I compared the nonlinear transformations for a simplified $2$-vector example here. If you want to replicate what I did, replace Cell $1$ with $X(s, t) = s + \sin t$ and Cell $2$ with $Y(s, t) = t + \sin s$ then press play on Cell $22$. Then repeat this for $X(s, t) = t + \sin s$, $Y(s, t) = s + \sin t$ and play the animations side-by-side with synced $R$ values. The result seems to be that the latter is globally the same nonlinear transformation as the former, except with an extra reflection about $y = x$ integrated. Reordering the inputs instead of the outputs leads to exactly the same change, and reordering both the inputs and the outputs leads to the original transformation (this is just switching the symbols $s$ and $t$).
In some contexts $s$ and $t$ may be stipulated leading to a unique Jacobian, but in contexts like LU Decomposition or Eigenproblems, we're starting from effectively unordered sets of input variables and output variables. If there is actually an equivalence class of Jacobians in such cases rather than a single one, then perhaps it is natural to call the Jacobians without the extra reflection, or (equivalently?) the Jacobians inducing the least aggregate displacement of points, "reduced."

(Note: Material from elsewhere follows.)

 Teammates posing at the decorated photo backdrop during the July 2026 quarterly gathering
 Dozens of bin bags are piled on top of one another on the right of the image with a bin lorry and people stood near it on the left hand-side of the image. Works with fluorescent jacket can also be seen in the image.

How does this hypothesis hold up when generalized to high-dimensional Jacobians of matrices which we can't actually visualize? Is it still the case that any reordering of inputs and outputs leads to the same transformation up to synthesis with a number of reflections about lines diagonal to axes, and is it right to view these reflections as unreduced clutter obscuring the essence of the transformation without adding any additional information (at least to an alien who could actually view the high-dimensional transformation)? Does this hypothesis agree or conflict with any others which may exist for ordering inputs and outputs, either generically (I'm not aware of any), or common yet contextual (such as vec'ing the input matrix and output matrix to get the Jacobian of the matrix squaring function, or at least ensuring that the input order and output order match in terms of matrix element positions)? Is there a way to actually find the reduced Jacobian (ideally at the time of ordering inputs and outputs but if necessary after some computations)?